Work to be completed:
Start at the line below containing "セミロング レイヤーカット 似合わせカット" and stop at the line containing "est easy on". Repeat every line of that stretch exactly, and nothing outside it.

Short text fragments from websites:
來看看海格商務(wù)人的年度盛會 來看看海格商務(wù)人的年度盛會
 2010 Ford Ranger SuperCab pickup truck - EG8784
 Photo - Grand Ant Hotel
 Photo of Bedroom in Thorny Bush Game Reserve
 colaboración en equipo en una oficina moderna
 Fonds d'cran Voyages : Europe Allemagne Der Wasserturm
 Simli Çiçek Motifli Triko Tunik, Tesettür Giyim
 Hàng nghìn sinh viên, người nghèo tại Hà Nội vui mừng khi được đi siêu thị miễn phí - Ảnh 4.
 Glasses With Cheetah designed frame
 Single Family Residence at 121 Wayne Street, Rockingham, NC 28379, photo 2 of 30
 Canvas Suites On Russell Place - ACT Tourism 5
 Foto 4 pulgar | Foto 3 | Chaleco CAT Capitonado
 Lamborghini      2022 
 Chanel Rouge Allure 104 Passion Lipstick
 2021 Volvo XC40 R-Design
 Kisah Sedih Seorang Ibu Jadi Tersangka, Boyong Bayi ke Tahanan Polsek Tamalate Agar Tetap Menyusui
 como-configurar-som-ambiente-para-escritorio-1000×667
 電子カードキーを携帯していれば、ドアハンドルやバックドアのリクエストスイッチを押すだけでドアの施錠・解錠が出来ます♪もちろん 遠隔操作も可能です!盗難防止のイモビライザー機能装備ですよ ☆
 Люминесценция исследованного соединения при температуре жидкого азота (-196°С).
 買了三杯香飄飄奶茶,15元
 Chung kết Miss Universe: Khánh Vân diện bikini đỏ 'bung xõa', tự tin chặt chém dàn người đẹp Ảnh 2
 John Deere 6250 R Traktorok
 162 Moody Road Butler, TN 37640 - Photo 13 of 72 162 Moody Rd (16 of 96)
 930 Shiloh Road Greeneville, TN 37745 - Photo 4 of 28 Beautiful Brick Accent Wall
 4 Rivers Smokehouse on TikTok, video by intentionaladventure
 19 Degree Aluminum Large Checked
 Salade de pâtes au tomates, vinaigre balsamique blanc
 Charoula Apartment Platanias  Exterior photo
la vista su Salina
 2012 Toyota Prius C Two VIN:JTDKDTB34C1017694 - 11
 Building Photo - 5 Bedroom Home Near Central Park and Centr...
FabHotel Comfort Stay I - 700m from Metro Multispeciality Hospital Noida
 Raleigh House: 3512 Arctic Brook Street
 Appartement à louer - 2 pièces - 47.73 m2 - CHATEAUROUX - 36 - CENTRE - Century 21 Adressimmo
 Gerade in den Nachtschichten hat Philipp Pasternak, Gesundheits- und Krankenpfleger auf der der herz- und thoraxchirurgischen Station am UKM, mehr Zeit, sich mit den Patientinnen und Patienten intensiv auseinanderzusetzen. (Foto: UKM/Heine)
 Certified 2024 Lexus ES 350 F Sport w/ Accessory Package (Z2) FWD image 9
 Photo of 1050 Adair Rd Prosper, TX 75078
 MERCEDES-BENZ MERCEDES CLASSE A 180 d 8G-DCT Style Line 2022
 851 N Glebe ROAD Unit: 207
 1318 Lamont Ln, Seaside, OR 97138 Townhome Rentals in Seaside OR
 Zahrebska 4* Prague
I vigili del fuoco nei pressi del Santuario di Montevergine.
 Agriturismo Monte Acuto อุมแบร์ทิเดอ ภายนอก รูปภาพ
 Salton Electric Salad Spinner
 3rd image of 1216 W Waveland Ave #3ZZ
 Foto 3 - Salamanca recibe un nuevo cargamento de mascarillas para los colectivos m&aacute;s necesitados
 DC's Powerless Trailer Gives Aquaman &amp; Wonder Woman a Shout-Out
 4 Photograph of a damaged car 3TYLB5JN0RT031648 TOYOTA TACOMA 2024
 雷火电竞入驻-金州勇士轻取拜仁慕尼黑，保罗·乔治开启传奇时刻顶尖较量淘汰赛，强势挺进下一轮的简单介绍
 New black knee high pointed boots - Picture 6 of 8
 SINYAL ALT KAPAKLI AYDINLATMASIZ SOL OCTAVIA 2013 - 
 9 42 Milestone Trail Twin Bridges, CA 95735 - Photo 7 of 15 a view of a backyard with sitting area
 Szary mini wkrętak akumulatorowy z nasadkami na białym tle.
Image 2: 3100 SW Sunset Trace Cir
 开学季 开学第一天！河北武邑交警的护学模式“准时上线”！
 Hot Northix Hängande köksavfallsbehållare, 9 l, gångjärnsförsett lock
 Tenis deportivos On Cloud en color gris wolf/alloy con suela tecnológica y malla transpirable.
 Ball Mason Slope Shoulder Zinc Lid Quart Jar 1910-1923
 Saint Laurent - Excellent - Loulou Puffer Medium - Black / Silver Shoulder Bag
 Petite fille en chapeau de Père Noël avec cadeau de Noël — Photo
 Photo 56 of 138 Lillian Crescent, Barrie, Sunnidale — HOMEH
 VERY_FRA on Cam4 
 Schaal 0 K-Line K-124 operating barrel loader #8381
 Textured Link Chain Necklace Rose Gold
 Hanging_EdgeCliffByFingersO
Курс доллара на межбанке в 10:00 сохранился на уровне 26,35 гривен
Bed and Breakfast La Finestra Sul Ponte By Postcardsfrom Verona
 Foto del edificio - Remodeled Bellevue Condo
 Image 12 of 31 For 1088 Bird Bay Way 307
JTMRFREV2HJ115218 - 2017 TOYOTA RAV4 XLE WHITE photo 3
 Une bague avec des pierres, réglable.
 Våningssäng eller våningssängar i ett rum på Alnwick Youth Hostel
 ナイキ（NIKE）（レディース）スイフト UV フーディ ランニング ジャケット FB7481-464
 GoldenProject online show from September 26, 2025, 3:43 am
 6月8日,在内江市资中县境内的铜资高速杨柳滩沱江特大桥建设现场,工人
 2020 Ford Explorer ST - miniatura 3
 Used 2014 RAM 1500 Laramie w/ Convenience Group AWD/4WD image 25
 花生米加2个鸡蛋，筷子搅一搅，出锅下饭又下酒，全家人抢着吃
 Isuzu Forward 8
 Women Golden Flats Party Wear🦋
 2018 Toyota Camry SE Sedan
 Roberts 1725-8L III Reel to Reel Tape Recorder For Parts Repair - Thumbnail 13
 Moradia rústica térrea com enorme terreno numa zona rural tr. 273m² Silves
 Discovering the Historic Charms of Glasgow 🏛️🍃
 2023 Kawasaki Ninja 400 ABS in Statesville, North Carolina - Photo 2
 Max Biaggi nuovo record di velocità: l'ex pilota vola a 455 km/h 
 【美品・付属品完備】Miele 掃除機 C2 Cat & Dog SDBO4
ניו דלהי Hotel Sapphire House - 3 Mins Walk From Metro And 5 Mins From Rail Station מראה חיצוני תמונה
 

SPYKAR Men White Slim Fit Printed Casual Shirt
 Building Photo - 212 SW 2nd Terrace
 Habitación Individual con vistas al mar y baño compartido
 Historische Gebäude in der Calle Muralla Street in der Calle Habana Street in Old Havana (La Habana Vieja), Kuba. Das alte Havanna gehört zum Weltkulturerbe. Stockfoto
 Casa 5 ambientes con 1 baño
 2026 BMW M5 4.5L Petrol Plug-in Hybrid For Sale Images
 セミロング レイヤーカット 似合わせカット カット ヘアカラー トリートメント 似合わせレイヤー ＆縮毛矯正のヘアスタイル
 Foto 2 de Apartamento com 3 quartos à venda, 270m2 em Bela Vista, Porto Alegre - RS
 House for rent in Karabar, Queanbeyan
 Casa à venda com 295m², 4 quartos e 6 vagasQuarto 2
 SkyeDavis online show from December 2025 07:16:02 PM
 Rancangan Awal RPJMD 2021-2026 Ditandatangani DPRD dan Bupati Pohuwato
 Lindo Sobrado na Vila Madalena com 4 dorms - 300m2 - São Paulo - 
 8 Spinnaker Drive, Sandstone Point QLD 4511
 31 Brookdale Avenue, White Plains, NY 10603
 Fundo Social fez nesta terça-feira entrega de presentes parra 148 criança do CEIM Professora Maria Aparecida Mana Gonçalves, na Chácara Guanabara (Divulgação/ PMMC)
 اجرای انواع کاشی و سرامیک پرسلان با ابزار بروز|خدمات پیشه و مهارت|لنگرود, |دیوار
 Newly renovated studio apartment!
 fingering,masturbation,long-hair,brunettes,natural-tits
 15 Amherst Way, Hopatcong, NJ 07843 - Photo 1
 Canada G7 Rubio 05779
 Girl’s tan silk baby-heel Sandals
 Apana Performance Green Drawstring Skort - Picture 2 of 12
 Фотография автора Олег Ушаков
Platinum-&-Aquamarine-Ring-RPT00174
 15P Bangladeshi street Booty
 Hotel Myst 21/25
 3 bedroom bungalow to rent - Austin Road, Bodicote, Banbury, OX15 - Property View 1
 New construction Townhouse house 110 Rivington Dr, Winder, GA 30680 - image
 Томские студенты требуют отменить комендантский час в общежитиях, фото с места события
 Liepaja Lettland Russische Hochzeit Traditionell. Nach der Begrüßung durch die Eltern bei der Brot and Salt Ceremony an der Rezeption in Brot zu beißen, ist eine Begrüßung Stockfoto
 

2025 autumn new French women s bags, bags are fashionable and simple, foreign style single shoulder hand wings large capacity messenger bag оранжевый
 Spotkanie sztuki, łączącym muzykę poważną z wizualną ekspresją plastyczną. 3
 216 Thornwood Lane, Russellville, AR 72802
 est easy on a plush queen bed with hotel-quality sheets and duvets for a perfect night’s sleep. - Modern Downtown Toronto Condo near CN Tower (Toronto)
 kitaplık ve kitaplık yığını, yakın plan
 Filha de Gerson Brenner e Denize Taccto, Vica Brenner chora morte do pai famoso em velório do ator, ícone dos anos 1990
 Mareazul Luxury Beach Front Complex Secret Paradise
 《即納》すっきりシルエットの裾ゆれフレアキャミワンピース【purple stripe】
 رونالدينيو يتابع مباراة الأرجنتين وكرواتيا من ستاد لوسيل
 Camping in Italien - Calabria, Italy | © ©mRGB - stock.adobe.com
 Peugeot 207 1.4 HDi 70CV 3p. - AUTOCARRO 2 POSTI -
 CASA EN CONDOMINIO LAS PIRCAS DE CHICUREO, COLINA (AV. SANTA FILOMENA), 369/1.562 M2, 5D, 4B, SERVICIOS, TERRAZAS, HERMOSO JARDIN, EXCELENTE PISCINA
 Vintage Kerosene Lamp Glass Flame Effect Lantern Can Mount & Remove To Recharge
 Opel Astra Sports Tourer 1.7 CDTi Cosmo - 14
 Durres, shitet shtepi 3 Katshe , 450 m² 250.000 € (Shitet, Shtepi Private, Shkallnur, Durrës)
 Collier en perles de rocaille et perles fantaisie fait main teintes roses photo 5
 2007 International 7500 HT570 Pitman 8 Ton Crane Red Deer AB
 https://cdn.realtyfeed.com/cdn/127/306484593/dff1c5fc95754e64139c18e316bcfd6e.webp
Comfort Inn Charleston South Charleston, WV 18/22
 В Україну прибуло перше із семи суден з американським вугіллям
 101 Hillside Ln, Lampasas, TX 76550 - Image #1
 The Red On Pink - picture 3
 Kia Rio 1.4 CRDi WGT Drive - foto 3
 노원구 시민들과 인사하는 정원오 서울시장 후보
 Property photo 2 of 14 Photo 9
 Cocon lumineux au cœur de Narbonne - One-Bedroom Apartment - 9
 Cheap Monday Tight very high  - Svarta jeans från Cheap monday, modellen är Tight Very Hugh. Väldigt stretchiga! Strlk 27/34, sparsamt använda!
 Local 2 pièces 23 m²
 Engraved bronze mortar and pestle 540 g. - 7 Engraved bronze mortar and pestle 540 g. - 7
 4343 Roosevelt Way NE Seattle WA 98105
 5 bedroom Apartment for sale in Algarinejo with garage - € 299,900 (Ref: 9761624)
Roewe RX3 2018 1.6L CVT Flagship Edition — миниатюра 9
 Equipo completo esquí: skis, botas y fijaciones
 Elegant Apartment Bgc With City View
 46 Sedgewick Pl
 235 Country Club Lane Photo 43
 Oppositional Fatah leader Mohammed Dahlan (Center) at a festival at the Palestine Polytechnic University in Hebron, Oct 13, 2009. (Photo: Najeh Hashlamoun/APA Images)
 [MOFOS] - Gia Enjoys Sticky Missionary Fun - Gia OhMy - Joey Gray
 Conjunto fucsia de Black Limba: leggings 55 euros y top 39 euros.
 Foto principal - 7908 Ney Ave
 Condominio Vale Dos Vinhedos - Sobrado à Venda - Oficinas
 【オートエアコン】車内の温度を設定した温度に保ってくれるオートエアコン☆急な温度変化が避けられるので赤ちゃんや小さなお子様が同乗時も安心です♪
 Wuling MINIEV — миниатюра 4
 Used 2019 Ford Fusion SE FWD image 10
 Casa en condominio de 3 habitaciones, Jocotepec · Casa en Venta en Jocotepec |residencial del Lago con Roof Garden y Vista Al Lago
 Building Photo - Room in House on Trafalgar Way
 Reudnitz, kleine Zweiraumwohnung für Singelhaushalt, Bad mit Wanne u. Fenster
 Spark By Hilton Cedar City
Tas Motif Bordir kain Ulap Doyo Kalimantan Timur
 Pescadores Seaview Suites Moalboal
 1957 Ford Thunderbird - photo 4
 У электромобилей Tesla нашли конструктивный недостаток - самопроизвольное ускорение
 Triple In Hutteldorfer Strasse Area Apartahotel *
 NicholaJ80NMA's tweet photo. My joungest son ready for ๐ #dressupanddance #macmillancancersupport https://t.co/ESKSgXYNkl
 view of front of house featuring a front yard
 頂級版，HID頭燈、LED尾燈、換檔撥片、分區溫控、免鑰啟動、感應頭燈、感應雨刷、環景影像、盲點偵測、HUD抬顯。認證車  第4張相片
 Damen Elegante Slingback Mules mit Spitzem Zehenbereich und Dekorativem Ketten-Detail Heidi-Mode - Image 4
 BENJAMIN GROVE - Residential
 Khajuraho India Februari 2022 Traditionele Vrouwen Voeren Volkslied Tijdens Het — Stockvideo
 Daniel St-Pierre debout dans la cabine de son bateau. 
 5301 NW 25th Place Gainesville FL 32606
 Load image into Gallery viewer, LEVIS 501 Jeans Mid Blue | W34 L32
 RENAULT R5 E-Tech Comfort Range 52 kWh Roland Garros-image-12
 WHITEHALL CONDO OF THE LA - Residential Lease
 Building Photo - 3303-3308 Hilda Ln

Result for this exercise:
 セミロング レイヤーカット 似合わせカット カット ヘアカラー トリートメント 似合わせレイヤー ＆縮毛矯正のヘアスタイル
 Foto 2 de Apartamento com 3 quartos à venda, 270m2 em Bela Vista, Porto Alegre - RS
 House for rent in Karabar, Queanbeyan
 Casa à venda com 295m², 4 quartos e 6 vagasQuarto 2
 SkyeDavis online show from December 2025 07:16:02 PM
 Rancangan Awal RPJMD 2021-2026 Ditandatangani DPRD dan Bupati Pohuwato
 Lindo Sobrado na Vila Madalena com 4 dorms - 300m2 - São Paulo - 
 8 Spinnaker Drive, Sandstone Point QLD 4511
 31 Brookdale Avenue, White Plains, NY 10603
 Fundo Social fez nesta terça-feira entrega de presentes parra 148 criança do CEIM Professora Maria Aparecida Mana Gonçalves, na Chácara Guanabara (Divulgação/ PMMC)
 اجرای انواع کاشی و سرامیک پرسلان با ابزار بروز|خدمات پیشه و مهارت|لنگرود, |دیوار
 Newly renovated studio apartment!
 fingering,masturbation,long-hair,brunettes,natural-tits
 15 Amherst Way, Hopatcong, NJ 07843 - Photo 1
 Canada G7 Rubio 05779
 Girl’s tan silk baby-heel Sandals
 Apana Performance Green Drawstring Skort - Picture 2 of 12
 Фотография автора Олег Ушаков
Platinum-&-Aquamarine-Ring-RPT00174
 15P Bangladeshi street Booty
 Hotel Myst 21/25
 3 bedroom bungalow to rent - Austin Road, Bodicote, Banbury, OX15 - Property View 1
 New construction Townhouse house 110 Rivington Dr, Winder, GA 30680 - image
 Томские студенты требуют отменить комендантский час в общежитиях, фото с места события
 Liepaja Lettland Russische Hochzeit Traditionell. Nach der Begrüßung durch die Eltern bei der Brot and Salt Ceremony an der Rezeption in Brot zu beißen, ist eine Begrüßung Stockfoto
 

2025 autumn new French women s bags, bags are fashionable and simple, foreign style single shoulder hand wings large capacity messenger bag оранжевый
 Spotkanie sztuki, łączącym muzykę poważną z wizualną ekspresją plastyczną. 3
 216 Thornwood Lane, Russellville, AR 72802
 est easy on a plush queen bed with hotel-quality sheets and duvets for a perfect night’s sleep. - Modern Downtown Toronto Condo near CN Tower (Toronto)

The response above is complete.